È stato un anno speciale per Michele Riondino, acclamato attore di teatro, cinema e televisione che nel 2023 ha recitato come protagonista nella serie colossal italiana I Leoni di Sicilia, ha debuttato come doppiatore nel classico Disney Wish e, soprattutto, ha diretto la sua opera prima, Palazzina Laf, lungometraggio dal forte carattere sociale che ha convinto pubblico e critica. Il film è stato proiettato ieri al decimo Milazzo Film Festival, in occasione dell’Acting Award che i direttori Mario Sesti e Caterina Taricano hanno voluto concedere all’attore e regista tarantino.
Michele Riondino, non si può non iniziare chiedendole un ricordo di Paolo e Vittorio Taviani, che lo hanno diretto nel film Meraviglioso Boccaccio.
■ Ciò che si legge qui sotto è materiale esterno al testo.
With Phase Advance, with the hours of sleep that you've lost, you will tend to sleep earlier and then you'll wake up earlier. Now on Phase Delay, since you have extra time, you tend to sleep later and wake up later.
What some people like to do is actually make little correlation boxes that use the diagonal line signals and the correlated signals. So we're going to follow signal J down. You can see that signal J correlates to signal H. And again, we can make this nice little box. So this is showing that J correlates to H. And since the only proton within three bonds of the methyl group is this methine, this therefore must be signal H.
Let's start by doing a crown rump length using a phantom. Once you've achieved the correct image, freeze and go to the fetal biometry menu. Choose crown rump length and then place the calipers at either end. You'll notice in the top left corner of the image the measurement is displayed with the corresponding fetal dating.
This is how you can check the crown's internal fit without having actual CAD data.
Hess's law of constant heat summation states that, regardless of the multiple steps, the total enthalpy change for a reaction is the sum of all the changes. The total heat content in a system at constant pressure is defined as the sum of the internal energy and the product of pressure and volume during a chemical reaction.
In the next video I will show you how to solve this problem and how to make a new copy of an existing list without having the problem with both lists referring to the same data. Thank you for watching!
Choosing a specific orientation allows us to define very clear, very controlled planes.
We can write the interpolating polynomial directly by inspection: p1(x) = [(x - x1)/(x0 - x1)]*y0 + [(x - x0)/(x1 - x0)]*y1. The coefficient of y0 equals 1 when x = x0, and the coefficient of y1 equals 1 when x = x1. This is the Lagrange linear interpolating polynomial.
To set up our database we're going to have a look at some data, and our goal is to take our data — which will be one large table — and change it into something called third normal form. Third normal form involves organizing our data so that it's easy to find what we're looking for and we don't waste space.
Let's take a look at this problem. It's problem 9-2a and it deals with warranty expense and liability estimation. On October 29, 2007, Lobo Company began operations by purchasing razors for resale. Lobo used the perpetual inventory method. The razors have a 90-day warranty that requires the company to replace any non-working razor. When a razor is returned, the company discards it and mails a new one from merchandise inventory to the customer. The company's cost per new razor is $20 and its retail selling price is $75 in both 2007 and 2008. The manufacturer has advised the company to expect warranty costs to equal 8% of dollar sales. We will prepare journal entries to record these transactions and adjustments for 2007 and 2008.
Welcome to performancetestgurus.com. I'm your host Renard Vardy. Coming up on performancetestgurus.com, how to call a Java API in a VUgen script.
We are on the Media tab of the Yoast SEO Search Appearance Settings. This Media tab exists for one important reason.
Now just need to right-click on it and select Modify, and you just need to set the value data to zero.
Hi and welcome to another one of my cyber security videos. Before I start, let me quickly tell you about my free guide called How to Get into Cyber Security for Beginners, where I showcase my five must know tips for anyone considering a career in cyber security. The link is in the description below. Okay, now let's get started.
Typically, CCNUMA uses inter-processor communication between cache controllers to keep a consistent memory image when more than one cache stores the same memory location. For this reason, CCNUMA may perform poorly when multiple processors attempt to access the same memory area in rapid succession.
Mi ha colpito moltissimo, non me lo aspettavo. Ho letto della dipartita di Paolo per caso ed è un po’, come hanno detto tanti colleghi e amici, una sorta di ricongiungimento e ci piace immaginarla così. Però è una grandissima perdita anche perché Paolo stava lavorando al suo film e non siamo riusciti a godercelo, è questo è un grandissimo dolore. Il mio ricordo è il ricordo di due persone splendide, di due artisti così diversi nel modo di affrontare e di dirigere gli attori e il set, che io sono rimasto colpito da come condividevano e si dividevano il lavoro. Abbiamo perso un maestro, l’altra parte di quella coppia che ci piace ricordare assieme.
Palazzina Laf è un film nato da un forte bisogno di raccontare una storia. Resterà solo un esperimento isolato? Oppure il mestiere da regista andrà a diventare un’abitudine della sua carriera?
Sinceramente spero di sì. Inizialmente avrei voluto farlo solo dirigerlo e non interpretarlo, proprio per godere di questo tipo di esperienza. Nel cinema i nostri desideri devono incontrare la volontà di altre figure. Quando ho fatto questo film, nel realizzarlo, il mio desiderio era quello di riuscire a convincere quelle persone che ti permettono di fare anche il regista. In questo ci sono riuscito, quindi credo di approfittarne, finché c’è l’interesse, io di storie ne ho che mi piacerebbe raccontare.
Tra l’altro il film è stato da poco proiettato al senato. Un grande onore.
Io in realtà non volevo andarci. Ho messo in guardia molto insistentemente il senatore Turco, perché ho detto: se io vengo, è a vostro rischio è pericolo, non posso trattenermi e non dire certe cose. Devo dire che ho ammirato il coraggio. Ho avuto la possibilità di dire quello che penso alla Schlein e a Conte. Avrei voluto dirlo anche al Governo, peccato non ci fosse nessuno.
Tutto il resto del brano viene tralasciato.